Église St-Joseph de Genève: une «oasis spirituelle» de 150 ans
La paroisse Saint-Joseph, dans le quartier des Eaux-Vives, au cœur de Genève, fête le 10 novembre 2019 les 150 ans de l’inauguration et de la bénédiction de son église. Un lieu qui s’est transformé au gré de l’évolution du quartier, et qui a toujours constitué un «point de repère» de calme et de spiritualité, dans l’agitation de la grande ville.
Le 3 octobre 1869, jour de la solennité du Rosaire, l’église Saint-Joseph était inaugurée, au centre du quartier des Eaux-Vives. 150 ans plus tard, les fidèles célébreront l’anniversaire lors d’une messe solennelle, le 10 novembre, présidée par Mgr Alain de Raemy, évêque auxiliaire de Lausanne, Genève et Fribourg (LGF).
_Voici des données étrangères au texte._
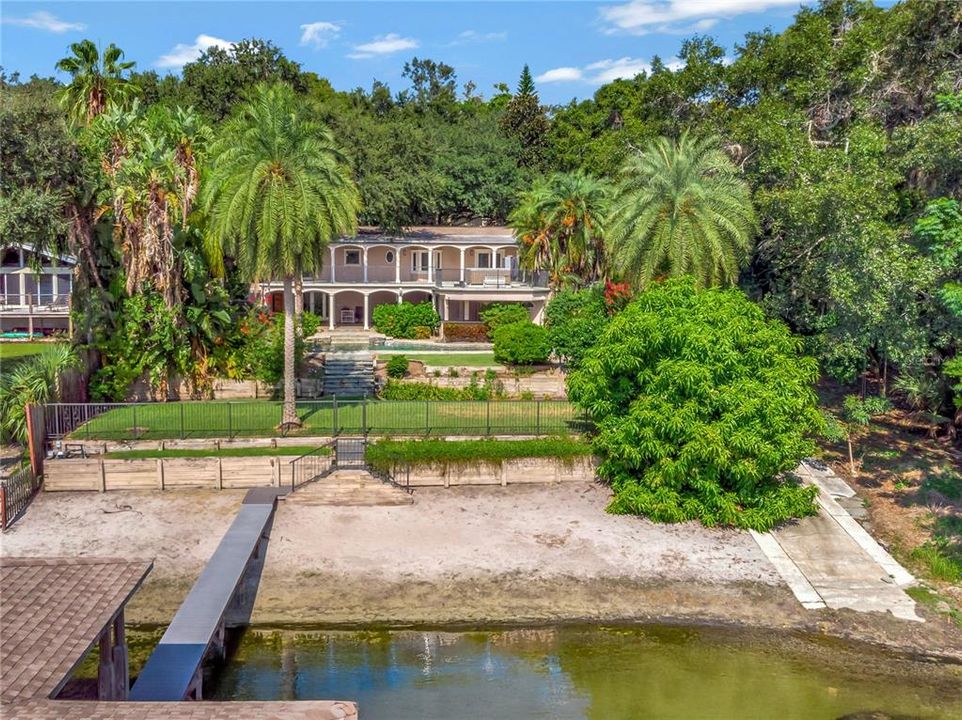 合同活跃: $875,000 (4 贝兹, 4 浴室, 2862 平方英尺)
Un jubilé important pour un lieu de culte dont l’existence n’a pas toujours été évidente. «Eriger une église catholique si près du centre historique de Genève n’allait pas de soi dans une Genève fortement marquée de calvinisme», explique Marc-Louis Passera, actuel curé de Saint-Joseph. Cette demande était pourtant logique dans une ville qui abritait, déjà dans les années 1860, davantage de catholiques que de protestants, avec une forte présence de ces premiers dans le quartier des Eaux-Vives.
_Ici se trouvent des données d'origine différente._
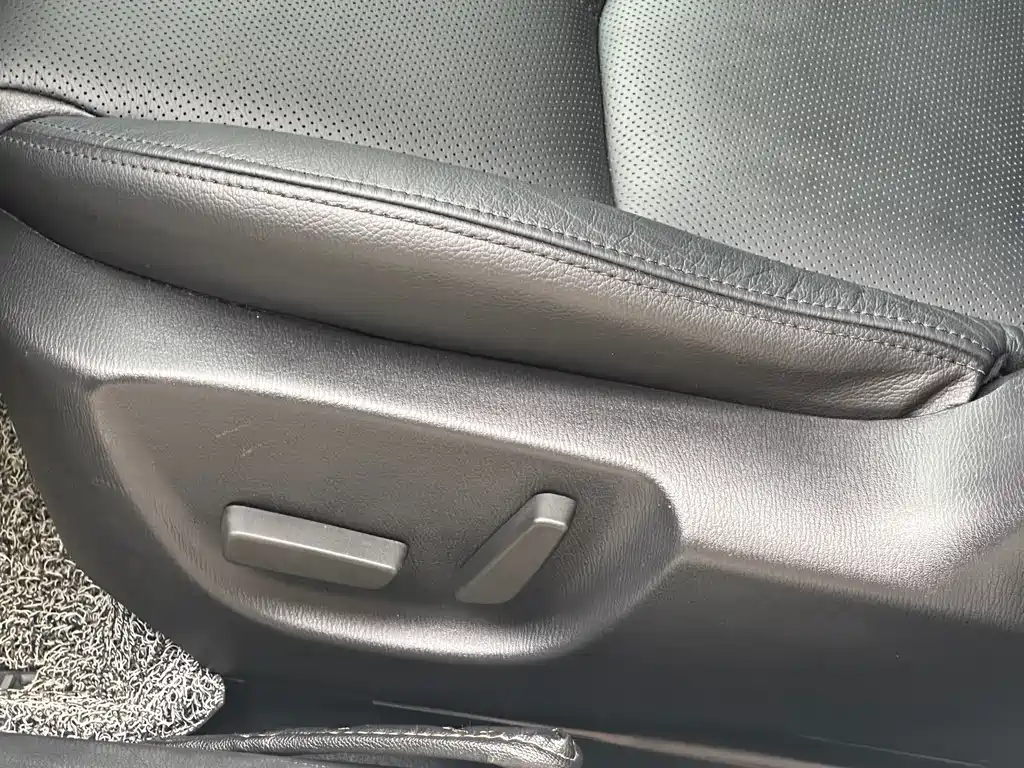 Mazda 3 Axela 2018 — фото 10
Finalement, après maintes démarches, un terrain sera accordé pour la construction du troisième lieu de culte catholique dans la cité du bout du Lac. Des travaux démarrent donc en 1866 sur la parcelle cédée. Ils se termineront trois ans plus tard.
L’ombre du Kulturkampf
La relative entente entre catholiques et protestants de la ville sera cependant mise à mal quelques années après l’inauguration de Saint-Joseph, avec l’éclatement du Kulturkampf, qui opposera plusieurs Etats européens à l’Eglise catholique suite au Concile Vatican I (1870). En 1877, dans le cadre des lois religieuses genevoises, l’église Saint-Joseph se voit même confisquée et confiée aux vieux-catholiques de la ville. Elle est rendue aux paroissiens romains en 1883, à la faveur d’un changement de régime et d’un apaisement des rapports entre l’Etat et l’Eglise. Dans les décennies qui suivront, les relations s’amélioreront peu à peu avec la communauté protestante. L’église Saint-Joseph fera finalement pleinement partie du paysage des Eaux-Vives et de la Cité de Calvin.
Un livre pour l’histoire
Une aventure mouvementée relatée dans le livre Une église au cœur des Eaux-Vives, écrit par l’historienne genevoise Chantal Renevey Fry, publié début novembre 2019 aux éditions Saint-Augustin, dans le cadre du jubilé. Outre l’histoire de l’église, le livre présente les divers artistes qui y ont oeuvré, les réalisations et la vie de la communauté paroissiale ainsi que la créativité musicale que le lieu a inspirée et abritée.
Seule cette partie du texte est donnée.